__Work order__
Only an exact repetition of the lines from the one holding "71 Clapp St, Walpole, MA 02081" to the end of the data is wanted, with pictures left out.

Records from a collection
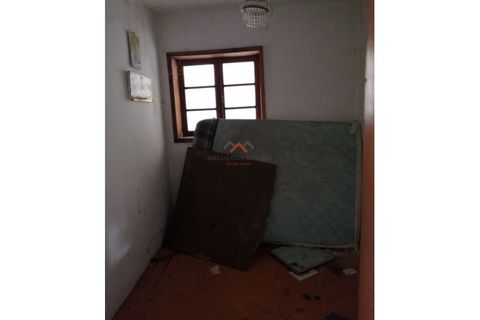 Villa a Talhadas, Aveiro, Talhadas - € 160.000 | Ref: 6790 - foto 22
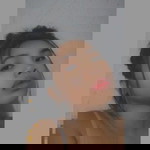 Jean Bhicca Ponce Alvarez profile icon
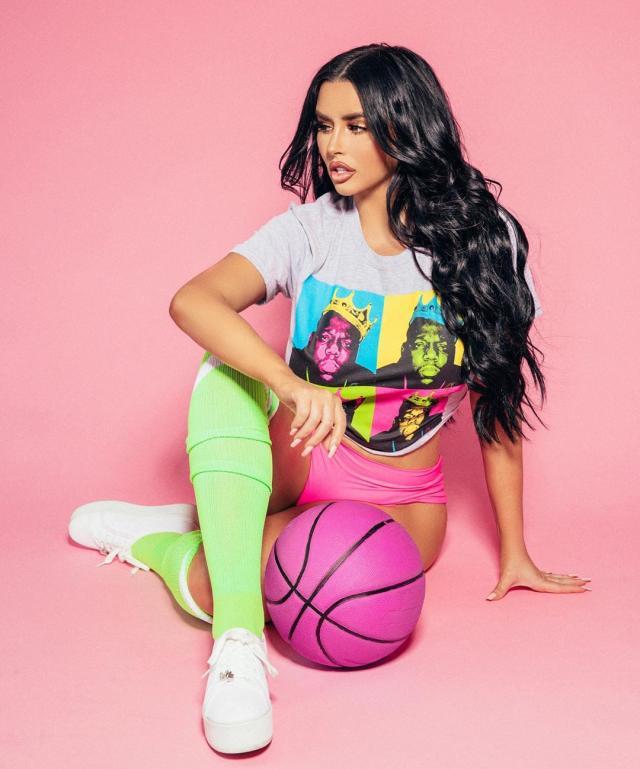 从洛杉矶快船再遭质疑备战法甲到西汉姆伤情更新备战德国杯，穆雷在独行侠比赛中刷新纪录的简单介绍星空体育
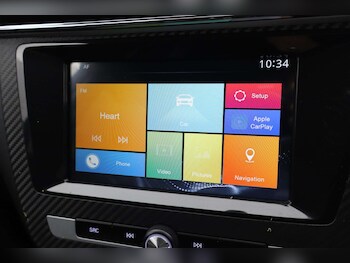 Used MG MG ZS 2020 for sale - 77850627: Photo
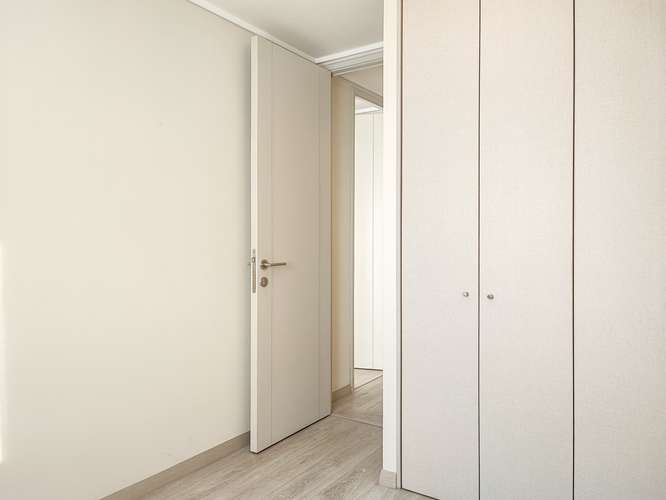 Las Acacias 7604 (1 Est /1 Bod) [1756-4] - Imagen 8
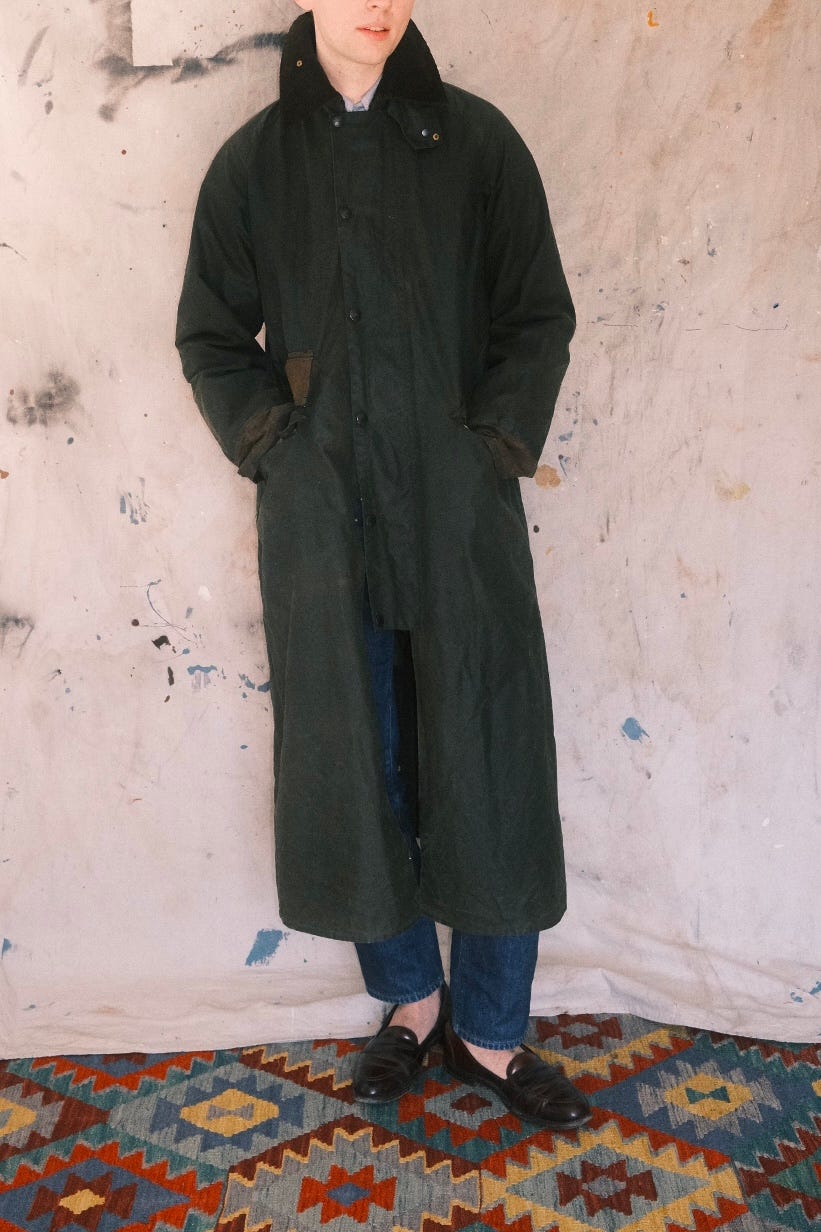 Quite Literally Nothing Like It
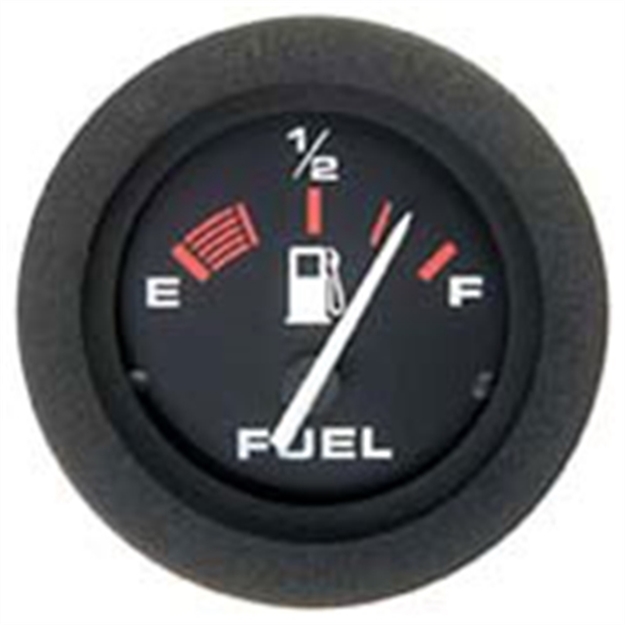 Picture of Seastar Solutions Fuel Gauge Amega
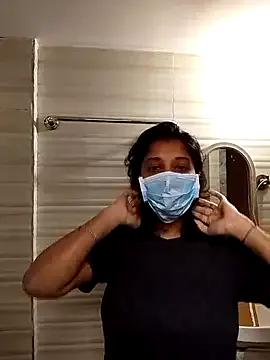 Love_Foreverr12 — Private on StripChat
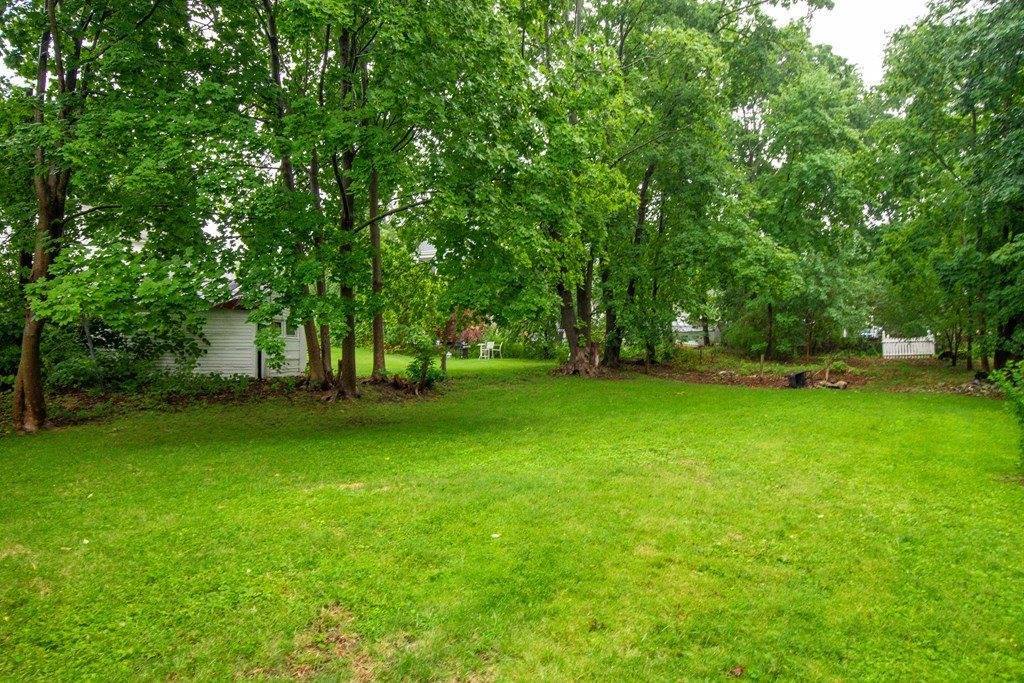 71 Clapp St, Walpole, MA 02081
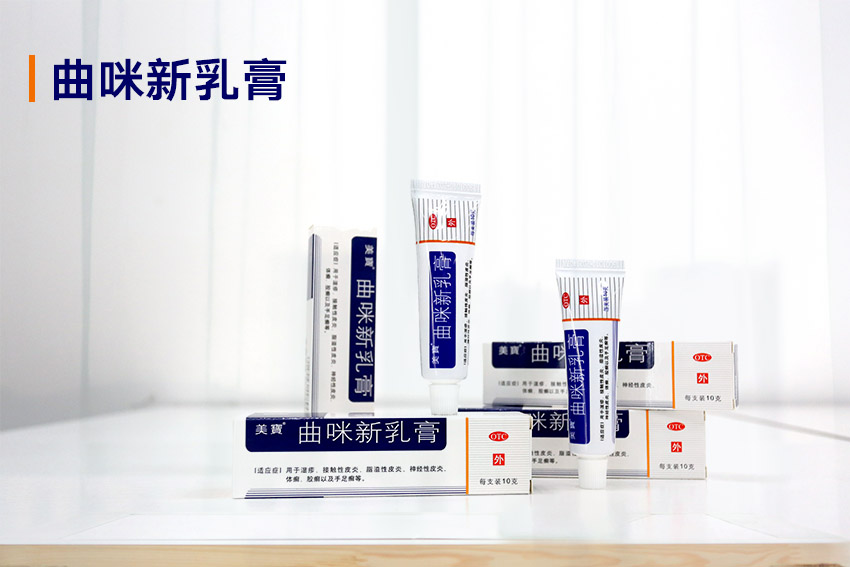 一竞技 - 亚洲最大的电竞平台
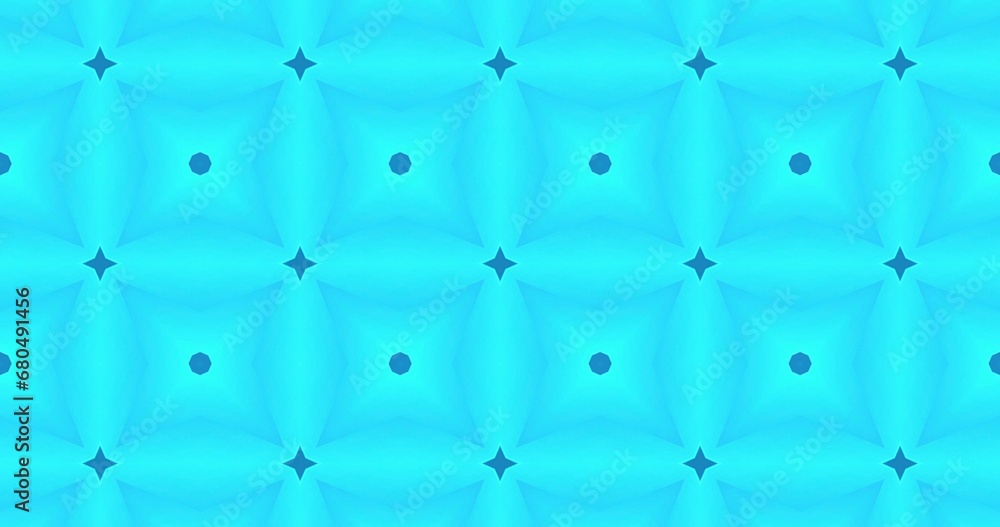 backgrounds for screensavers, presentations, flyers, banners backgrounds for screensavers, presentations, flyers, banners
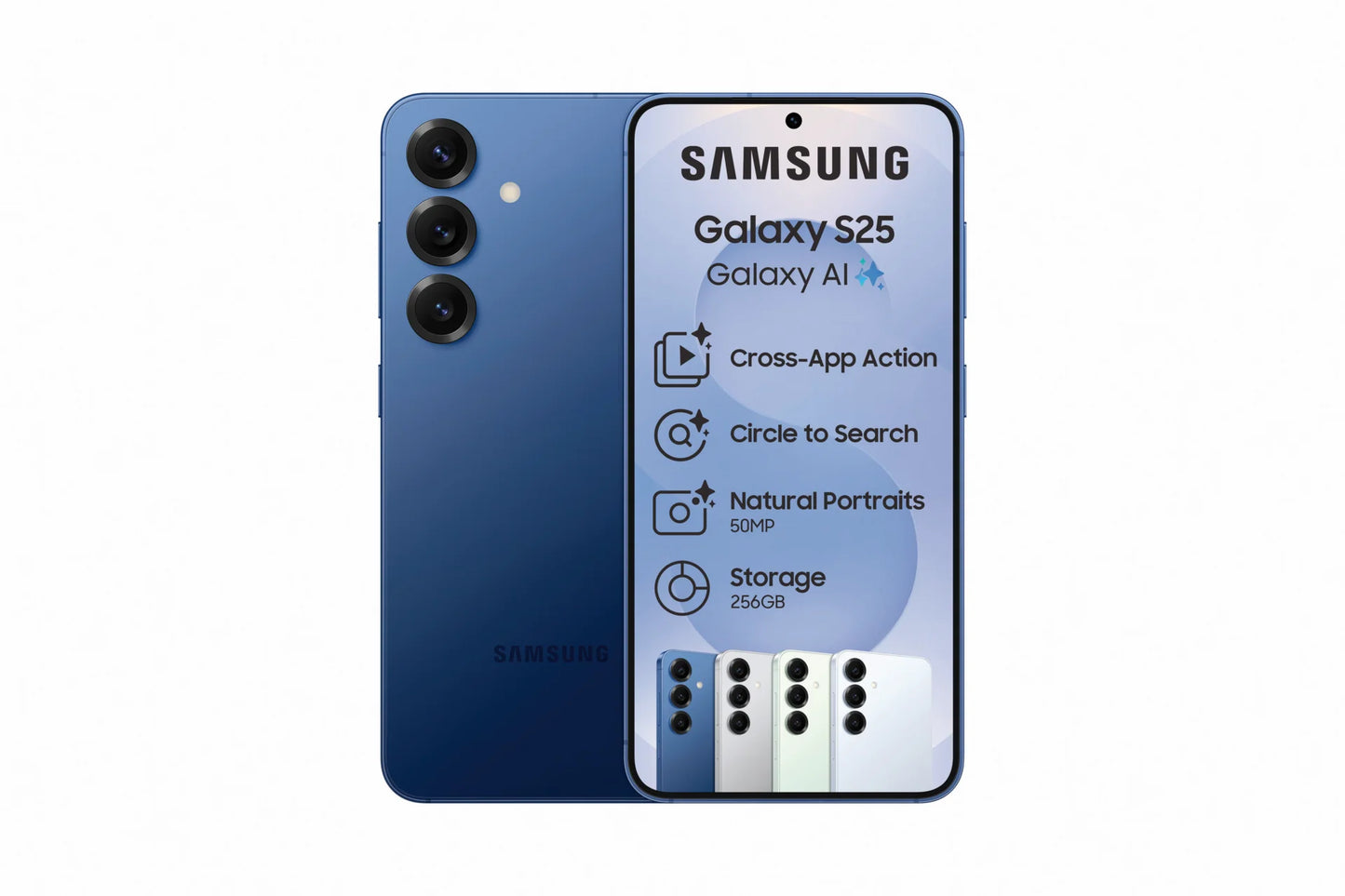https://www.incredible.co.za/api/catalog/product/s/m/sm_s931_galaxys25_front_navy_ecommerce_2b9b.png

__Solution to this problem__
 71 Clapp St, Walpole, MA 02081
 一竞技 - 亚洲最大的电竞平台
 backgrounds for screensavers, presentations, flyers, banners backgrounds for screensavers, presentations, flyers, banners
https://www.incredible.co.za/api/catalog/product/s/m/sm_s931_galaxys25_front_navy_ecommerce_2b9b.png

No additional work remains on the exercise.